A high-ranking North Korean general is murdered and a U.S. Navy ship is attacked and grounded during a training exercise. Op-Center discovers a secret alliance between China and North Korea, and must quickly rescue the crew in time as well as stop a North Korean terrorist cell from being unleashed upon the American homeland in order to prevent the outbreak of World War III.
U.S. General Bob Underwood, Presidential Envoy to the Global Coalition to Defeat ISIL is kidnapped in Syria and brutally murdered on live television. When the U.S. retaliates with a massive attack, the ISIS leader's son is killed in an American bombing raid. His rage knowing no bounds, he is now determined to wreak vengeance on the American homeland itself. Op-Center must assemble both its domestic, as well as its international force to stop his deadly quest for revenge.
Former US Ambassador to Ukraine Douglas Flannery meets with an old friend and former spy who is seeking his help to thwart a Russian plan to overrun her native Ukraine. However moments after the meeting, she is killed. Within hours, Op-Center learns of the killing and must use cutting edge techniques of cyber warfare and spycraft to uncover the truth before a more dangerous scheme is revealed; one that could draw in NATO and Russian forces into Ukraine and possibly ignite World War III.

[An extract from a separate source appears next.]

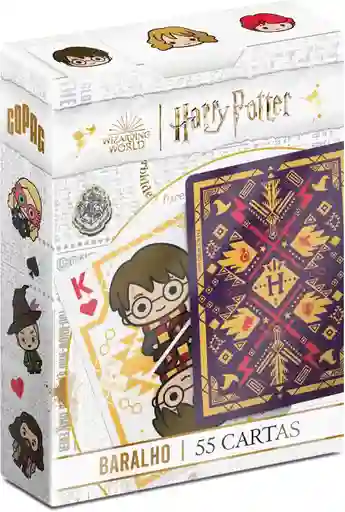 Juego De Cartas Coleccionable Póker Harry Potter Adultos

In 1962, during the height of the Cuban Missile Crisis, the Soviet Union secretly constructed a nuclear missile silo in a remote Russian fishing village not far from Alaska. More than sixty years later, Iranian scientists team up with a Russian agent and his estranged, arms-smuggling father to bring those missiles to Tehran. Upon learning of these actions, Op-Center sends a lone agent to Havana to determine the location of the site, whilst simultaneously weighing whether or not to rely on data from an Iranian defector. Complicating matters is a turf war between Op Center, the White House and the FBI that threatens to compromise the investigation.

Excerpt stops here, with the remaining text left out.